“Sovranismo s.m. Posizione politica che propugna la difesa o la riconquista della sovranità nazionale da parte di un popolo o di uno Stato, in antitesi alle dinamiche della globalizzazione e in contrapposizione alle politiche sovrannazionali di concertazione”: questa definizione del significato della parola “sovranismo”, che si ritrova sotto la voce «neologismi» nel sito dell’Enciclopedia Treccani, merita di venire considerata attentamente.
È infatti un’ulteriore prova, a suo modo autorevole, dell’equivoco con cui la cultura dominante cerca di esorcizzare la comparsa sulla scena e il successo in Italia della Lega, e altrove di partiti per qualche aspetto simili ad essa. In realtà non è affatto vero che ciò che caratterizza queste nuove forze, e quindi i loro elettorati, sia una linea “in antitesi alle dinamiche della globalizzazione e in contrapposizione alle politiche sovrannazionali di concertazione”. La globalizzazione non è una scelta bensì uno puro e semplice dato di fatto del tempo in cui viviamo, e l’unione in qualche forma dell’Europa è un’urgenza storica che in quanto tale nessuna persona di buon senso mette oggi in discussione.
Basta d’altra parte andare a vedere ciò che Salvini dice di suo — e non ciò che i suoi avversari dicono che dice — per rendersi subito conto che riguardo tanto alla globalizzazione quanto all’Europa il suo non è un “no” ma un “sì”, beninteso a patto che il nostro Paese possa stare nell’una e nell’altra in modo molto diverso da come ci sta adesso. La pura e semplice “antitesi” di cui parla l’Enciclopedia Treccani, dando così eco solenne alle rabbiose invettive de la Repubblica, sarebbe innanzitutto una sciocchezza. Sostenere dunque che oltre il 34 per cento degli italiani, e più del 40 per cento di chi vive e lavora nel Nord Italia, una delle aree più sviluppate non solo d’Europa ma del mondo, sia costituito da una massa di stupidi non solo è una mancanza di rispetto per questi milioni di persone ma equivale anche a pretendere che la democrazia sia da buttare. E lo stesso vale analogamente per tutte le altre forze e personalità politiche in vario modo simili che da qualche anno si stanno affermando un po’ ovunque nel mondo delle democrazie, non solo in Europa ma già nelle Americhe e in Asia, e ora anche nella remota Australia. L’ordine costituito nato dalle ceneri della Seconda guerra mondiale sta venendo meno insieme alle forze politiche e ai blocchi sociali di cui era espressione. Come poi sempre accade nella storia, pure questa volta non tutto il nuovo che sorge è bello, e d’altra parte non tutto il vecchio che tramonta è brutto, ma in sostanza non è questo il nocciolo della questione.

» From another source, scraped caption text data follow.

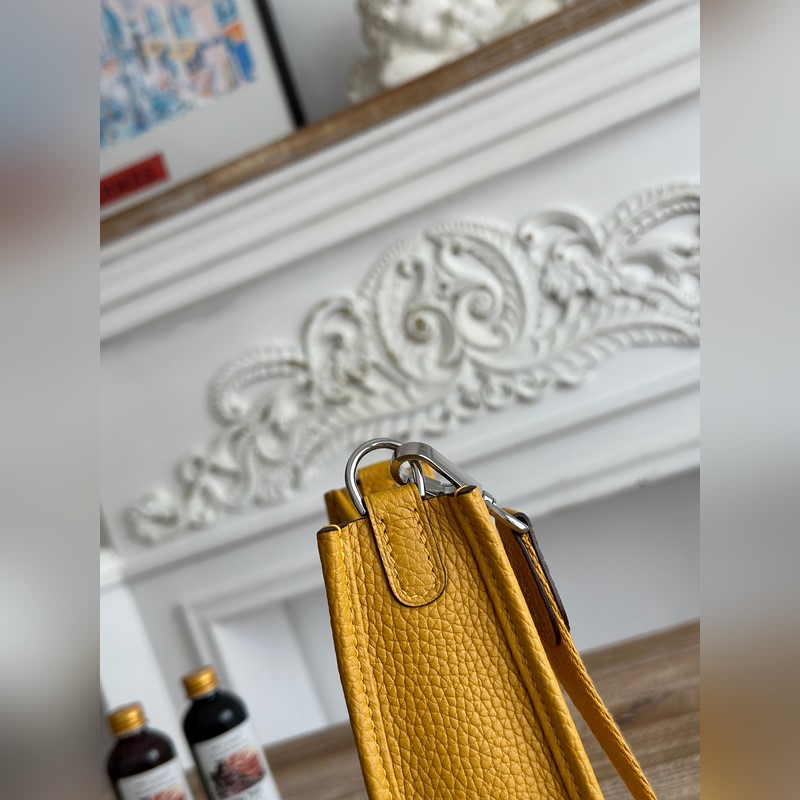 Mini EveyIne 伊芙琳 半手工+蠟線 自配肩帶+tc牛皮 顔色：琥珀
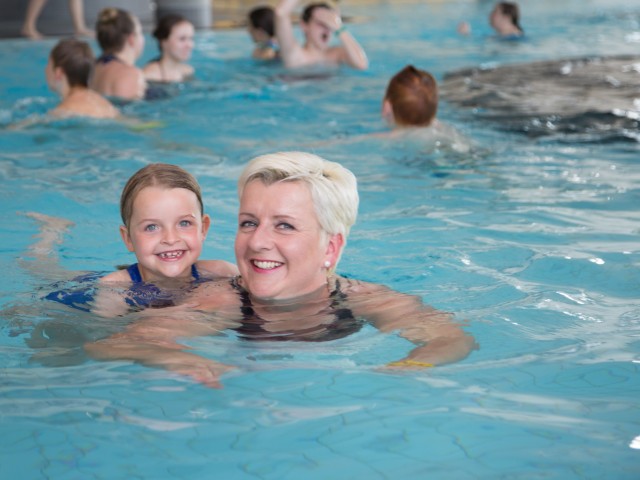 Mutter mit Kind im Wasser vom Familienbereich im Potsdamer blu, © Katrin Paulus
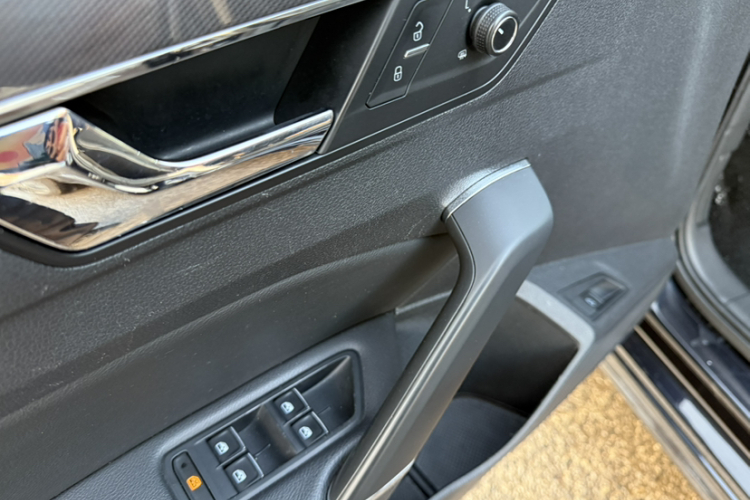 大众 帕萨特 2017款 330TSI DSG御尊版中控内饰7015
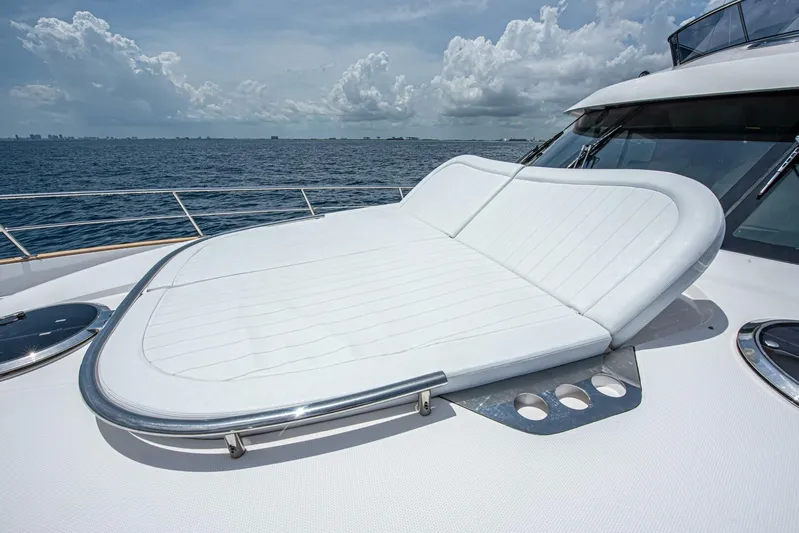 Well Done Yacht Photos Pics 2018 Belize 54 Daybridge - Image 16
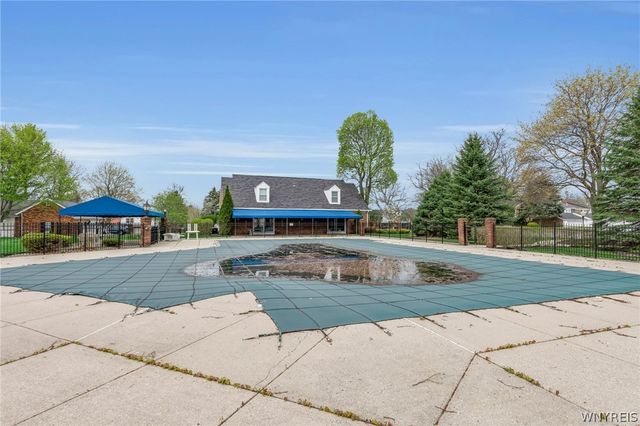 60 Hamlin 4, Amherst, NY 14221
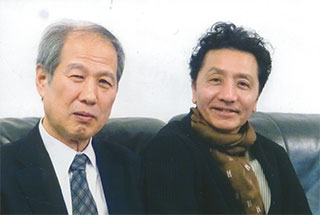 控え室で、森村さんと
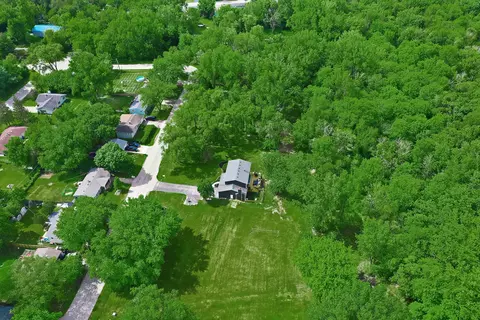 View/Area - 2711 Old Oak Dr, Mchenry, IL 60050 photo 1 of 5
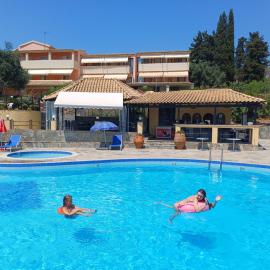 Penelope Apartment Hotel, hotel a Dassia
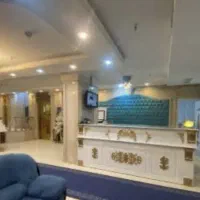 جهت پذیرش هتل به یک خانم باظاهری اراسته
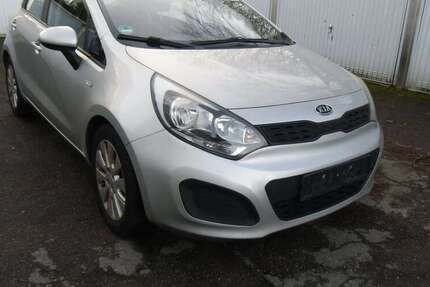 Kia Rio 117.000 km 5.790 € Aachen 52068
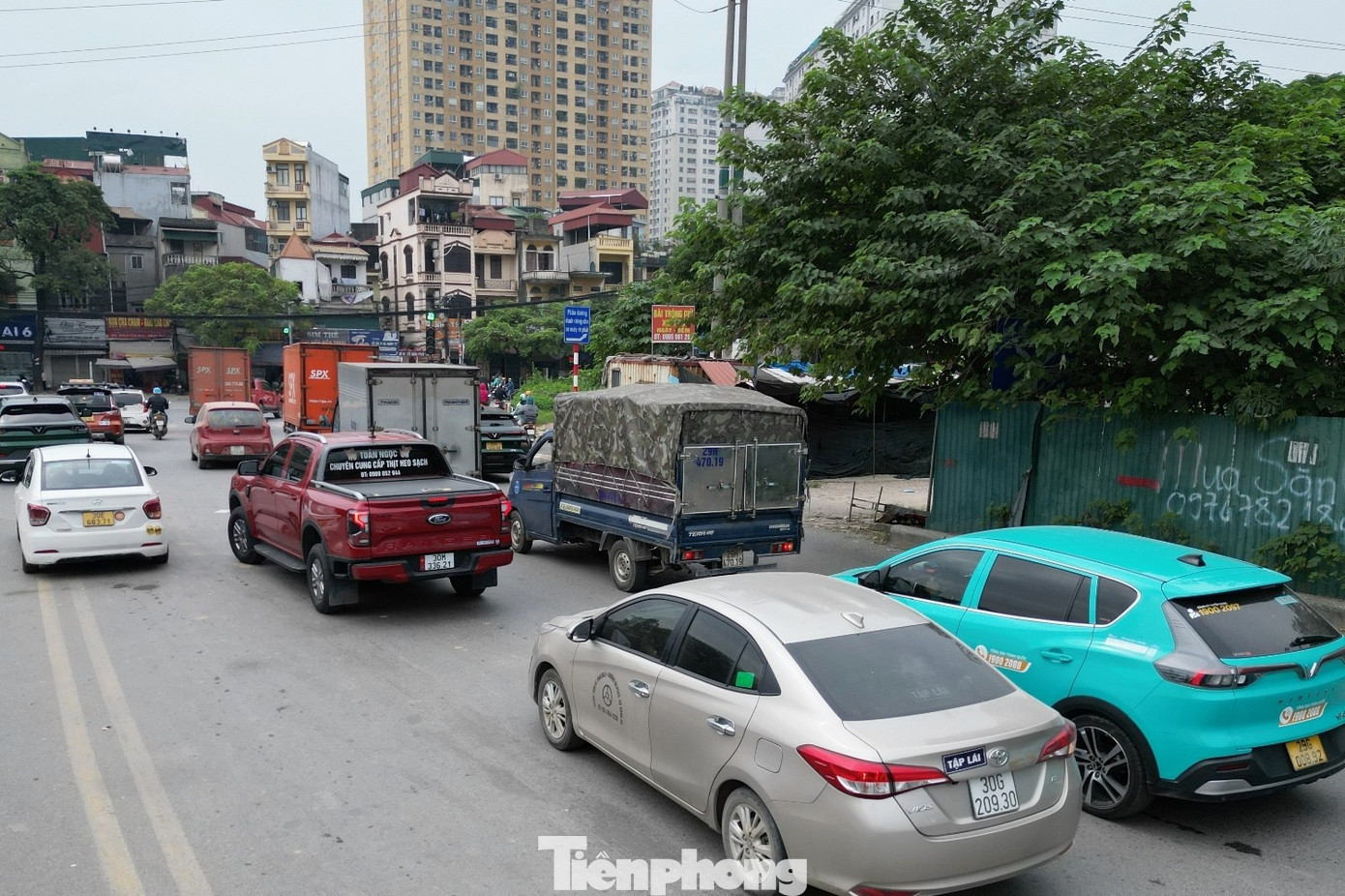 Phương tiện từ đường Phạm Tu và Xa La đổ về nút giao rộng từ 8 đến 10 làn xe, nhưng đến nút giao bị thắt nút cổ chai, để đi tiếp phương tiện đi vòng sang đường 70 (4 làn xe), dẫn đến ùn tắc thường xuyên xảy ra. Ảnh chụp chiều 16/11. tp-6.jpg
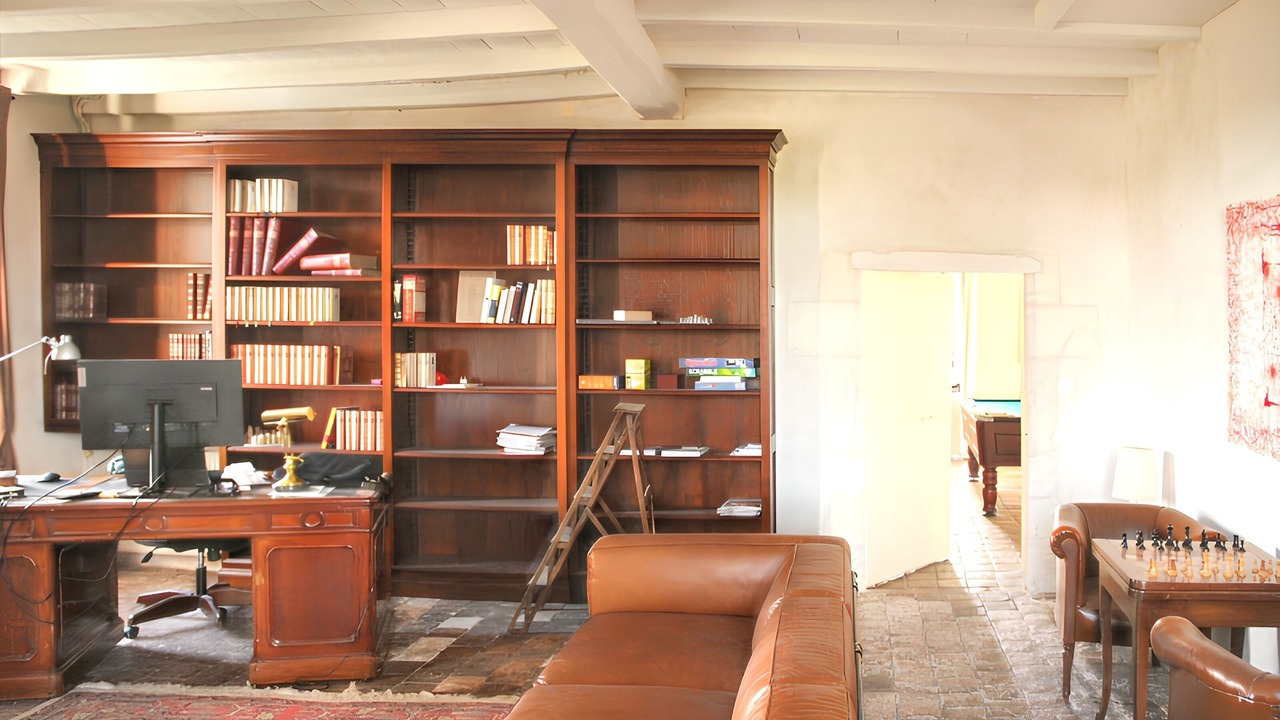 Photo of Livingroom in Saint-Palais-du-Ne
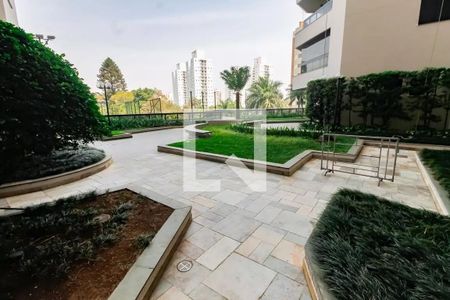 Apartamento à venda com 211m², 3 quartos e 3 vagas Apartamento à venda com 211m², 3 quartos e 3 vagasÁrea comum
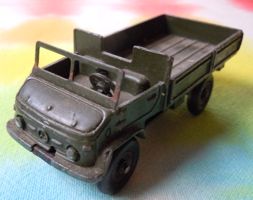 [military truck]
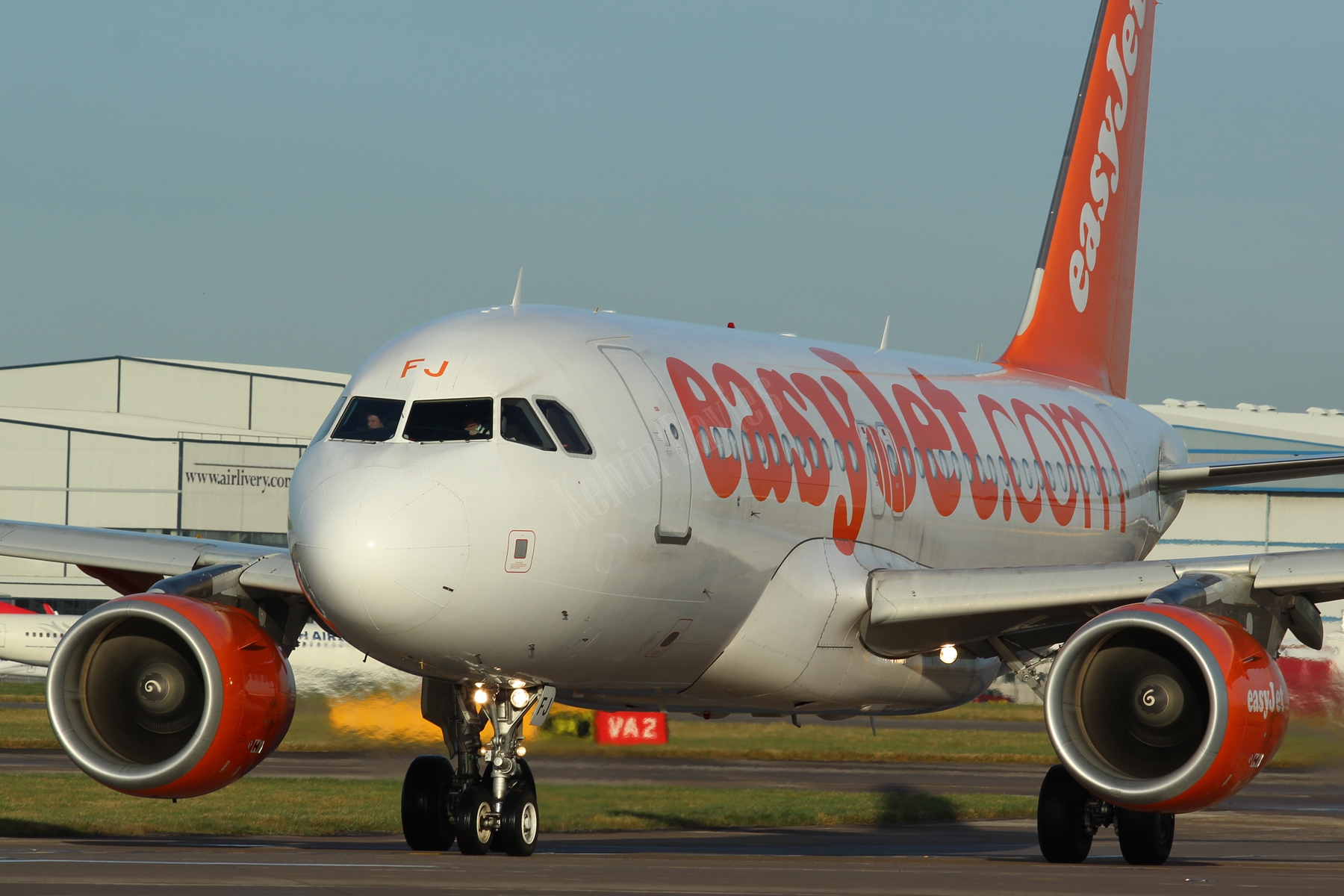 Easyjet A319 G-EZFJ
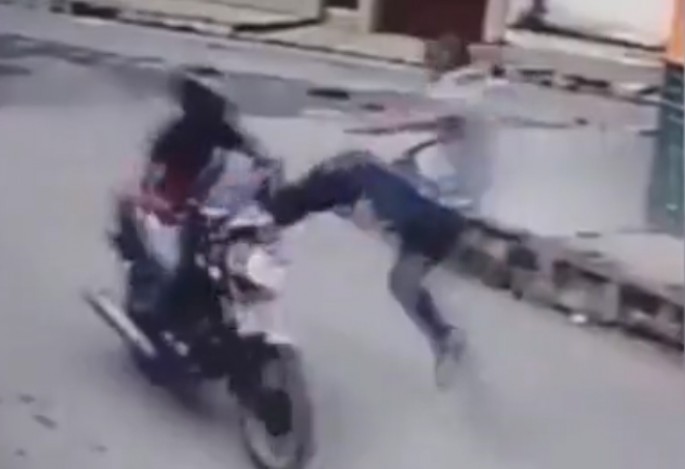 Quldurlar qarət etdikləri şəxs tərəfindən döyüldülər – VİDEO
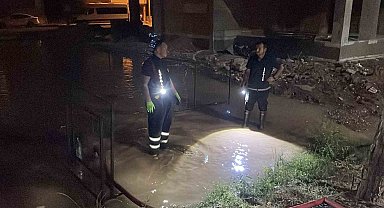 Sivas'ta ana hat su borusu patladı, belediye ekipleri müdahale etti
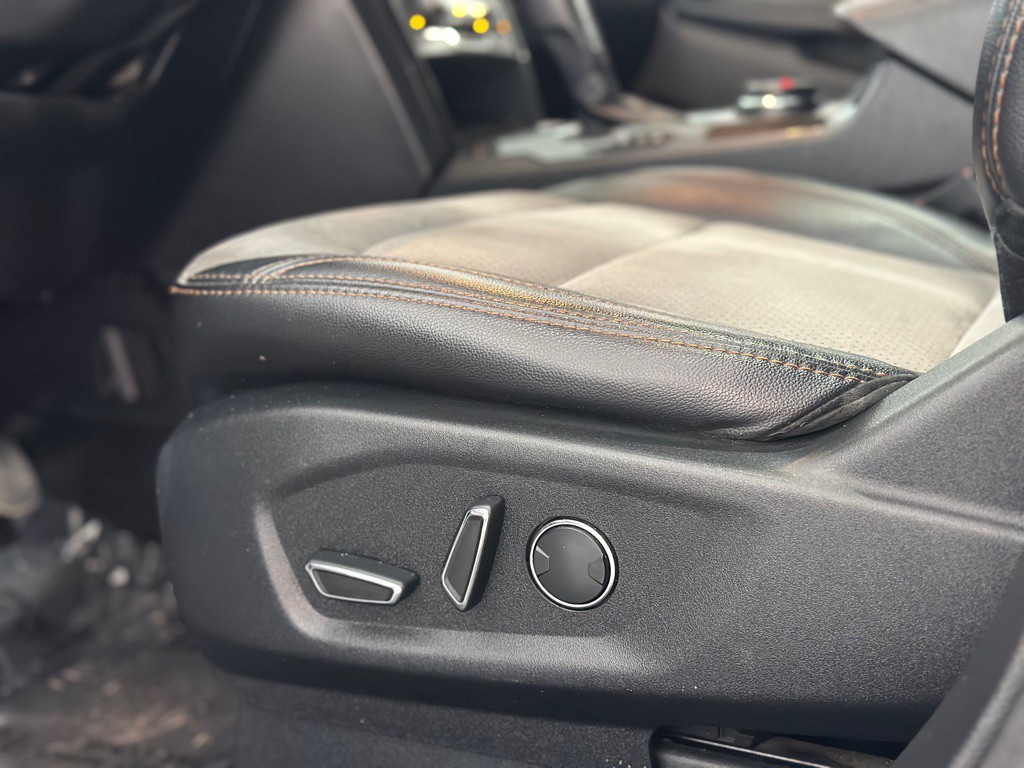 2017 Ford Explorer Image 30
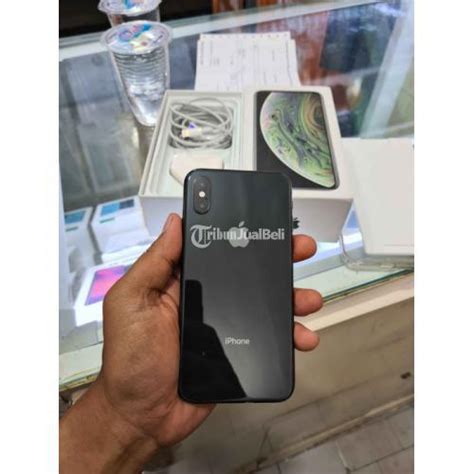 HP IPhone XS 64 GB Bekas Lengkap No Minus Siap Pakai Harga Terjangkau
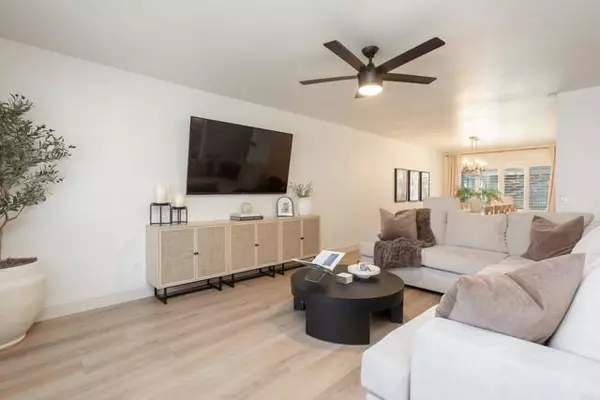 Vista, CA 92083,1037 Philips ST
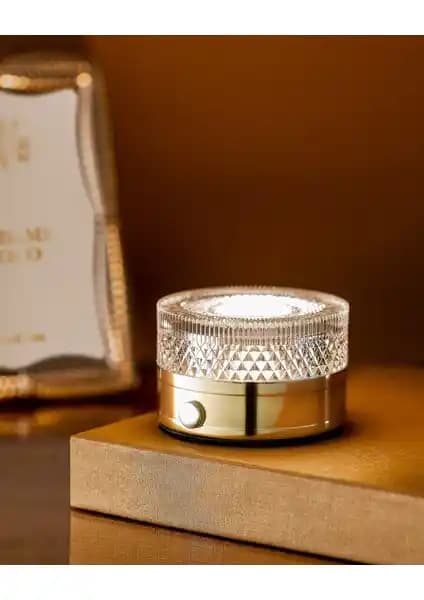 Madame Coco Claire Dokunmatik Abajur: Şıklık ve Fonksiyonellik Bir Arada Sunar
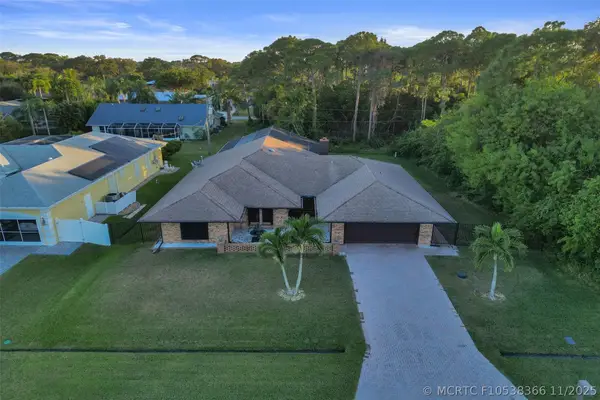 766 SE Cavern Avenue, Port St Lucie, FL 34983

È in tale quadro che si colloca il caso italiano. Qui il fronte delle nuove forze giunte in scena si articola in un partito “giacobino”, statalista e centralista, il Movimento 5 Stelle, e in un partito “girondino”, neo-liberale e autonomista, la Lega di Matteo Salvini. Il primo è inoltre rigorosamente laico nel senso francese della parola, quindi anti-cristiano (seppur a mezza voce per motivi tattici), mentre il secondo dà voce a una cultura di popolo che in particolare nel Nord Italia, suo principale bacino elettorale, è comunque prossima alla visione del mondo cristiana. Siccome nel concreto del presente si tratta di scegliere non fra la luce e le tenebre ma tra il meglio e il peggio di ciò che c’è, quale sia il meglio mi sembra evidente.
In tale situazione, mentre (quasi per un riflesso condizionato) quel poco che ancora resta del ceto politico cattolico continua a rimanere nei partiti in qualche modo eredi della Democrazia Cristiana, perciò in primo luogo in Forza Italia, gli elettori si sono già volti in massa verso la Lega. Stando così le cose, è a mio avviso il momento di domandarsi se, oggi come oggi, non valga la pena di verificare l’ipotesi della formazione di una componente di matrice popolare nell’area “girondina” di cui si diceva, sia essa dentro o accanto alla Lega secondo l’opportuno e il possibile. Sarebbe di certo cosa gradita alla massa degli elettori cattolici che votano Lega; anche la stessa Lega ne avrebbe però tutto da guadagnare dai più diversi punti di vista. Che il ceto politico cattolico già di lungo corso resti in vecchi partiti dove ha ancora elettori, continuando in essi una storia peraltro non priva di sorprendenti migrazioni, è senza dubbio giustificato e utile, ma oggi non più sufficiente.